Entries supplied:
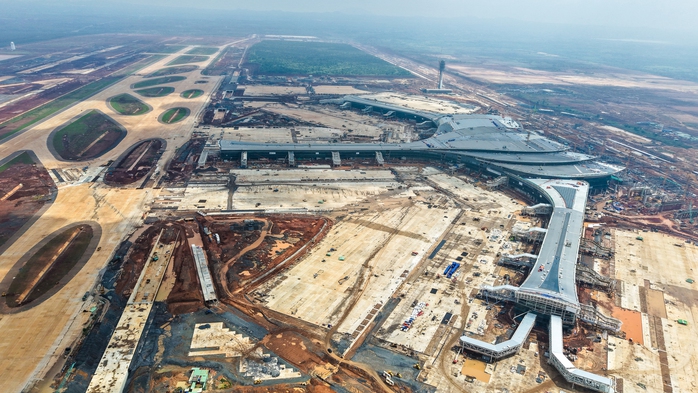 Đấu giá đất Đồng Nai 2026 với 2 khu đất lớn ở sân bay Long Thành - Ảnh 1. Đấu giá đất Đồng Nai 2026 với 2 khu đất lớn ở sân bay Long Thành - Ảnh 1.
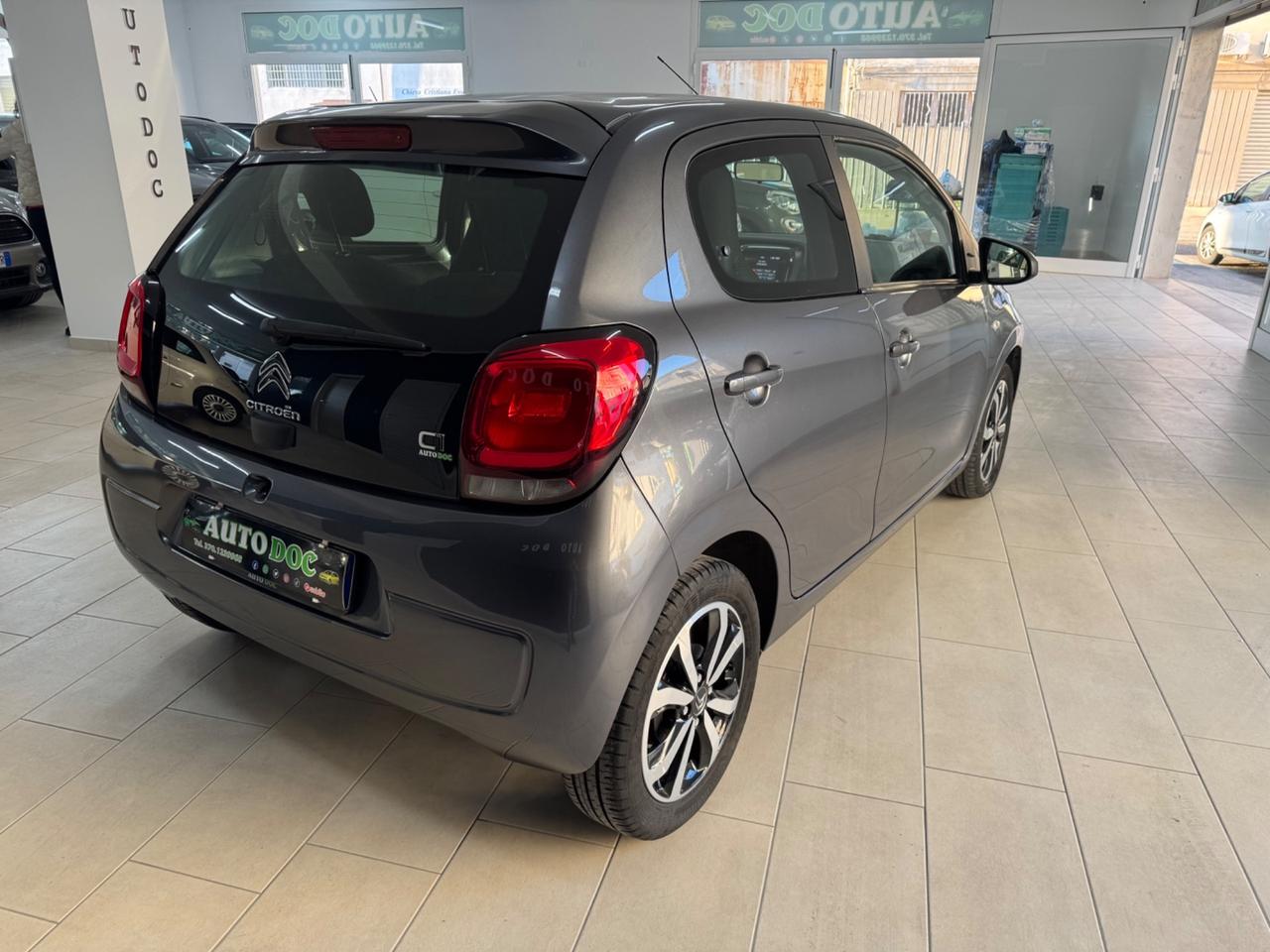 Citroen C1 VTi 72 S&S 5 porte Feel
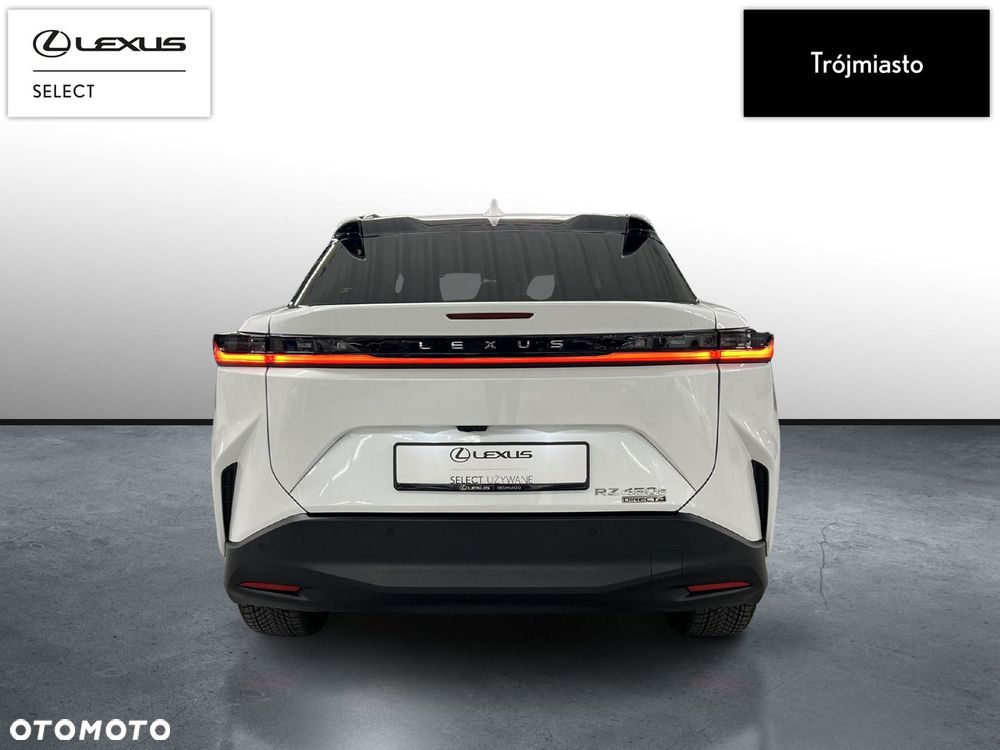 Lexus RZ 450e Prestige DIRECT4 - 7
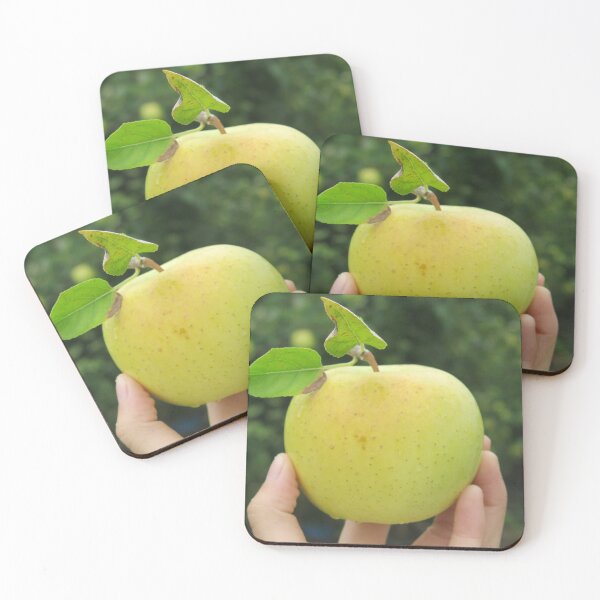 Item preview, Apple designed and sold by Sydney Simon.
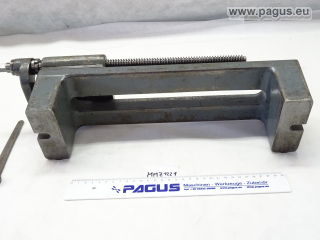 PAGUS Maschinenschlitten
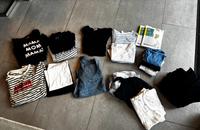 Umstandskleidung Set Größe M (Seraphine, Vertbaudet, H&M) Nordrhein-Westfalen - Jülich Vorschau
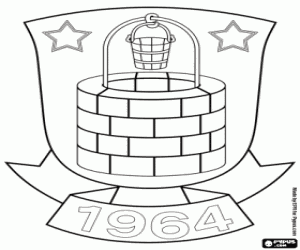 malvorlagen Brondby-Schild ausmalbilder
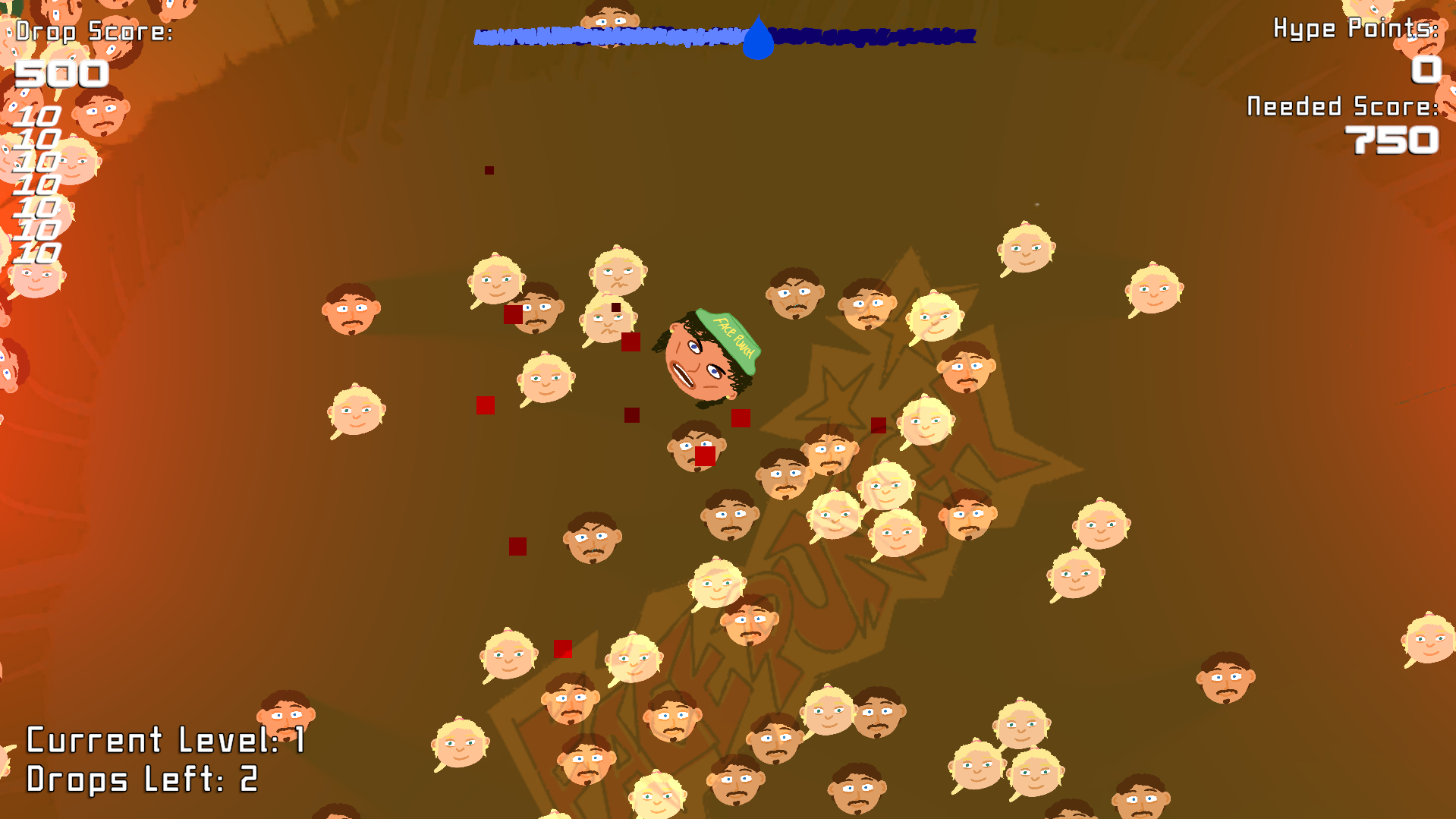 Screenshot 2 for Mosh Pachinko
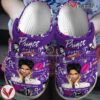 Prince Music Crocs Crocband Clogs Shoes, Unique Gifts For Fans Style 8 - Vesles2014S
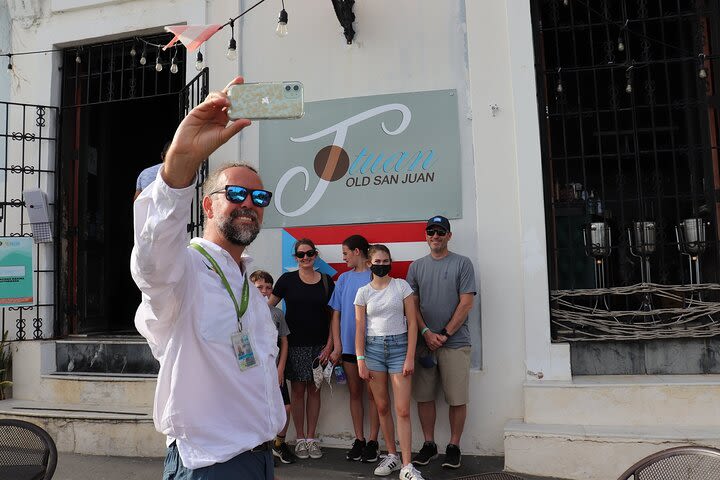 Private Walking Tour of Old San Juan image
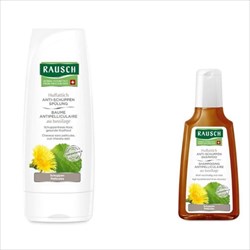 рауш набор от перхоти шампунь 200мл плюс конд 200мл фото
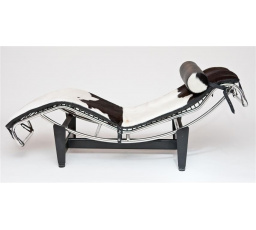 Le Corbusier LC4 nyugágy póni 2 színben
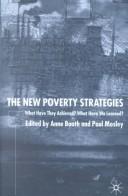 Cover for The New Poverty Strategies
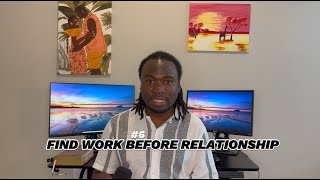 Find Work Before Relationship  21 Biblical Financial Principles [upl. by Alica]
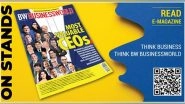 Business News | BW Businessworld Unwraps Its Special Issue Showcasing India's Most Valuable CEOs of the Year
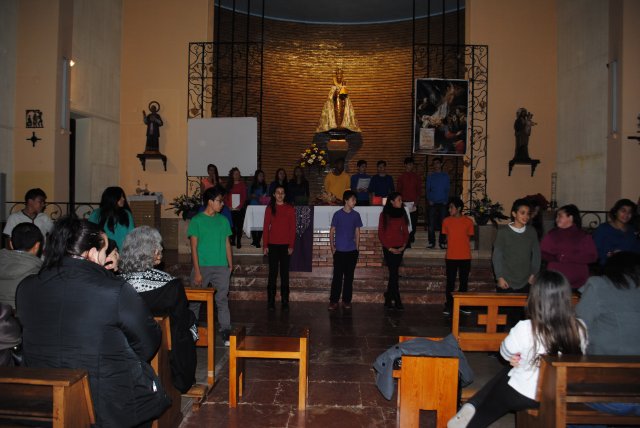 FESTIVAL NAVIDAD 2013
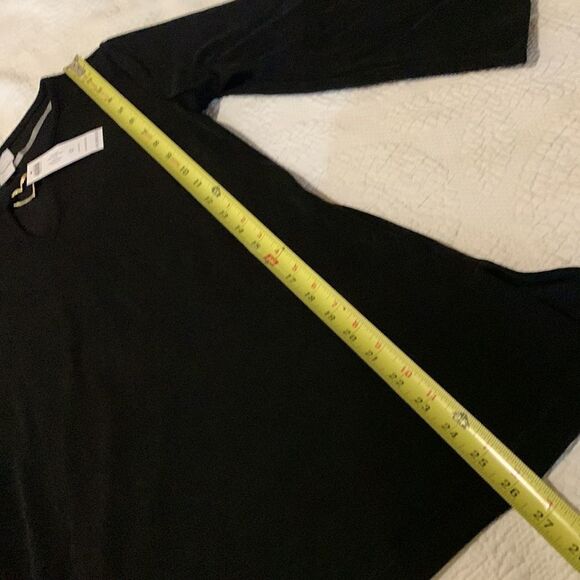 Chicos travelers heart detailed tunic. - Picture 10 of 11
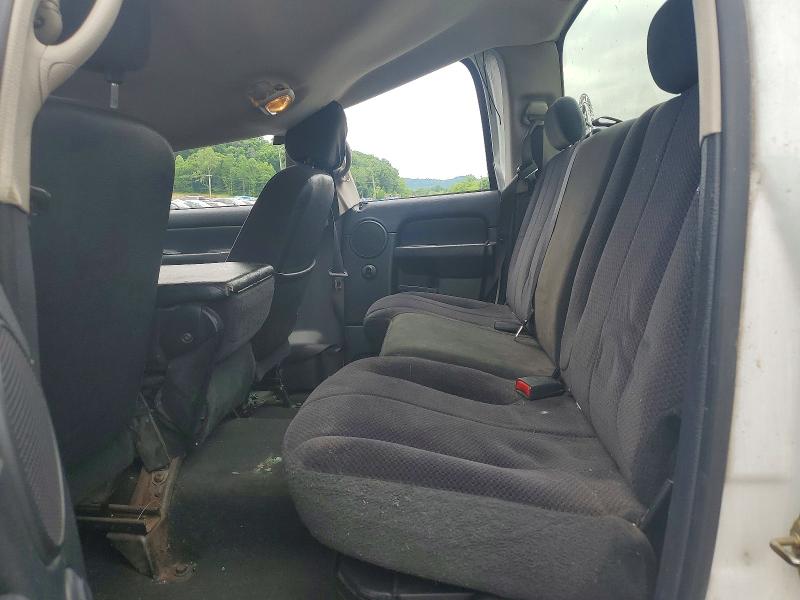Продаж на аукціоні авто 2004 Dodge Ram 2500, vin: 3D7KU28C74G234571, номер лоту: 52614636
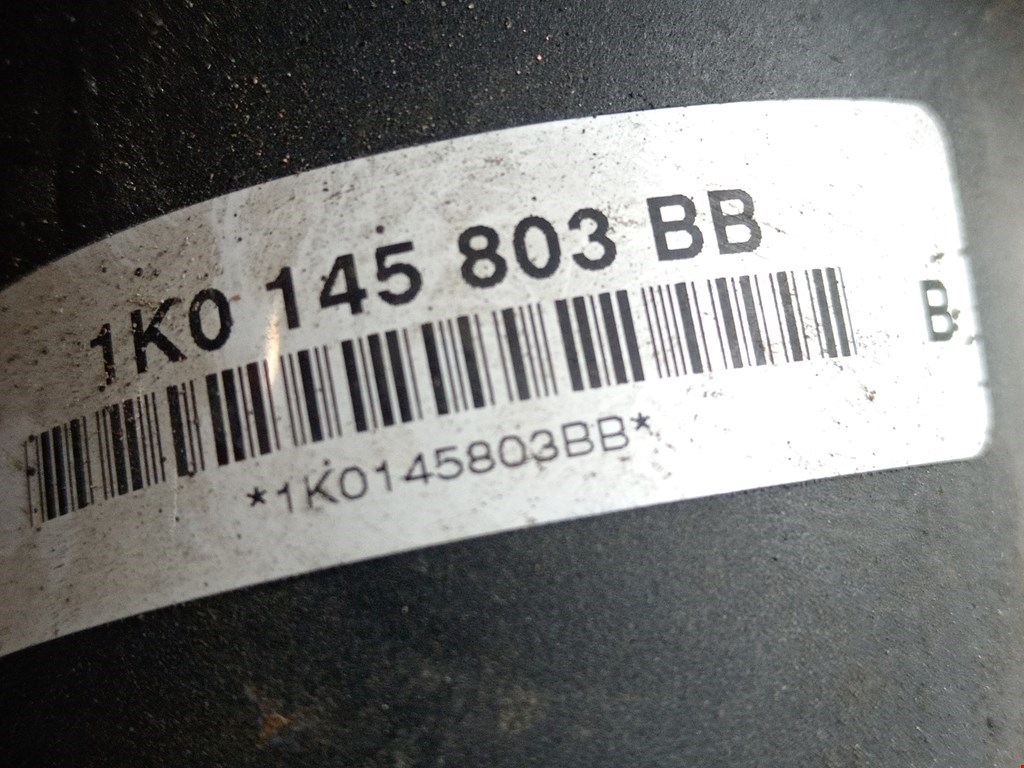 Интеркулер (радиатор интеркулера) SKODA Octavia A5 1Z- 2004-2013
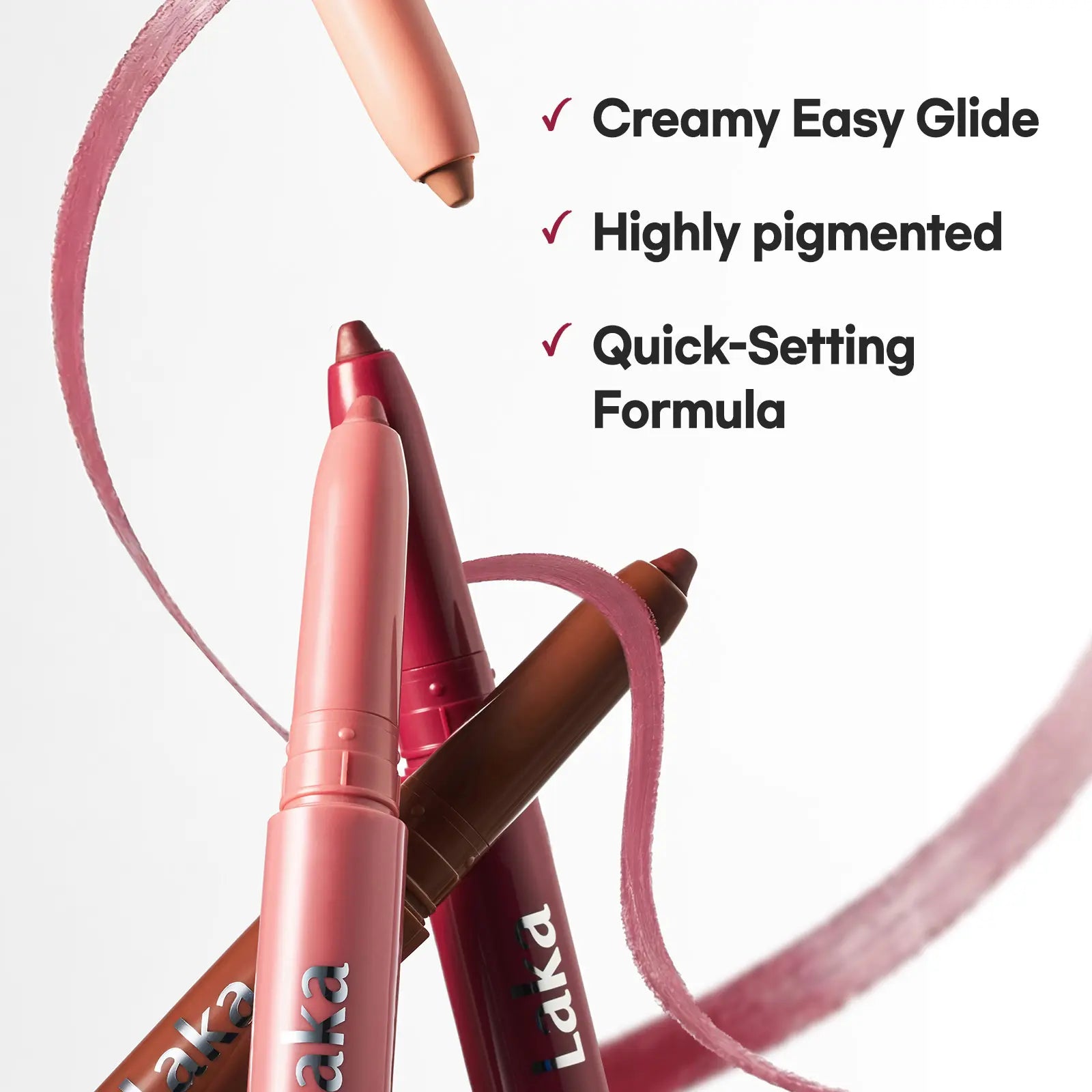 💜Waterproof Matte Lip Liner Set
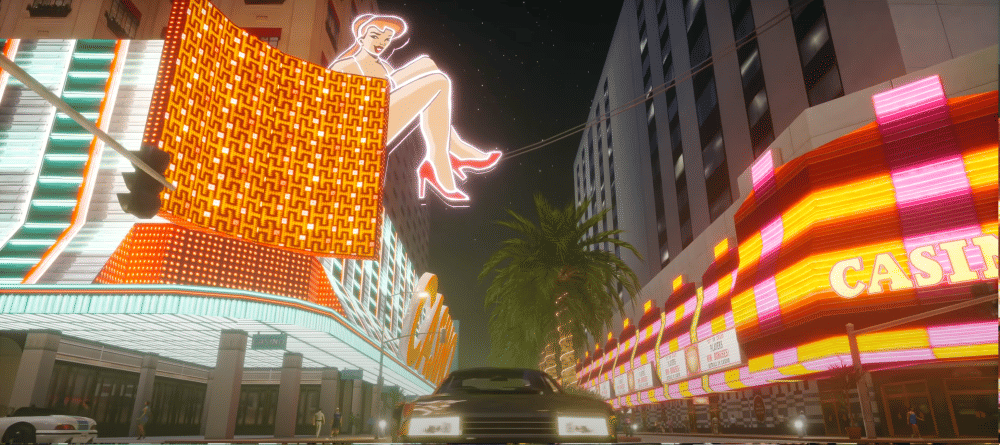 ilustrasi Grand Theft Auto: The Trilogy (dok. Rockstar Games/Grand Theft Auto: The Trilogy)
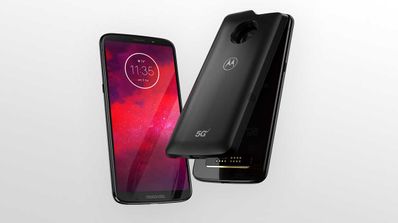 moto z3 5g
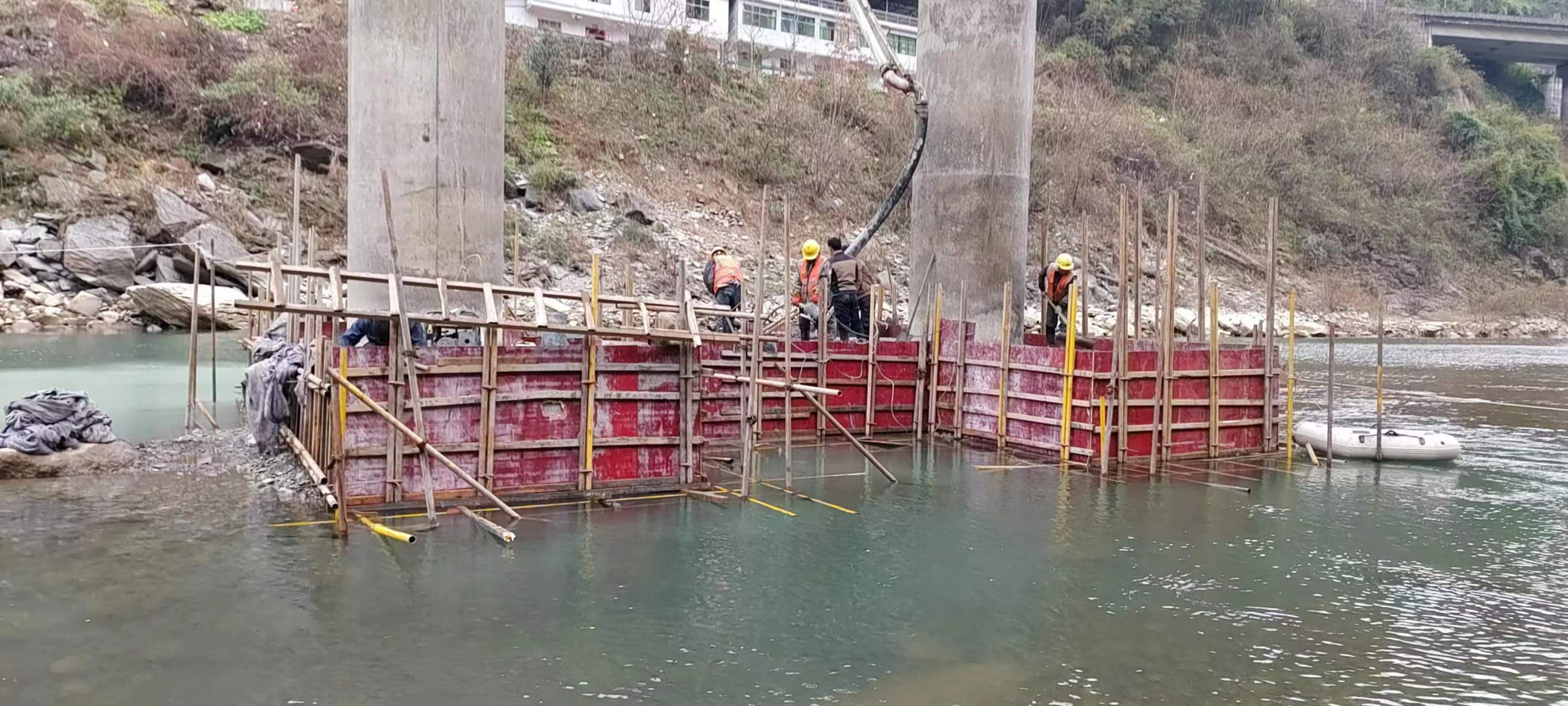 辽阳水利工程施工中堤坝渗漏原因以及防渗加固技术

Work instruction:
Reproduce the material word for word. Skip every picture it holds.

Answer to this problem:
 Đấu giá đất Đồng Nai 2026 với 2 khu đất lớn ở sân bay Long Thành - Ảnh 1. Đấu giá đất Đồng Nai 2026 với 2 khu đất lớn ở sân bay Long Thành - Ảnh 1.
 Citroen C1 VTi 72 S&S 5 porte Feel
 Lexus RZ 450e Prestige DIRECT4 - 7
 Item preview, Apple designed and sold by Sydney Simon.
 PAGUS Maschinenschlitten
 Umstandskleidung Set Größe M (Seraphine, Vertbaudet, H&M) Nordrhein-Westfalen - Jülich Vorschau
 malvorlagen Brondby-Schild ausmalbilder
 Screenshot 2 for Mosh Pachinko
 Prince Music Crocs Crocband Clogs Shoes, Unique Gifts For Fans Style 8 - Vesles2014S
 Private Walking Tour of Old San Juan image
 рауш набор от перхоти шампунь 200мл плюс конд 200мл фото
 Le Corbusier LC4 nyugágy póni 2 színben
 Cover for The New Poverty Strategies
 Find Work Before Relationship  21 Biblical Financial Principles [upl. by Alica]
 Business News | BW Businessworld Unwraps Its Special Issue Showcasing India's Most Valuable CEOs of the Year
 FESTIVAL NAVIDAD 2013
 Chicos travelers heart detailed tunic. - Picture 10 of 11
Продаж на аукціоні авто 2004 Dodge Ram 2500, vin: 3D7KU28C74G234571, номер лоту: 52614636
 Интеркулер (радиатор интеркулера) SKODA Octavia A5 1Z- 2004-2013
 💜Waterproof Matte Lip Liner Set
 ilustrasi Grand Theft Auto: The Trilogy (dok. Rockstar Games/Grand Theft Auto: The Trilogy)
 moto z3 5g
 辽阳水利工程施工中堤坝渗漏原因以及防渗加固技术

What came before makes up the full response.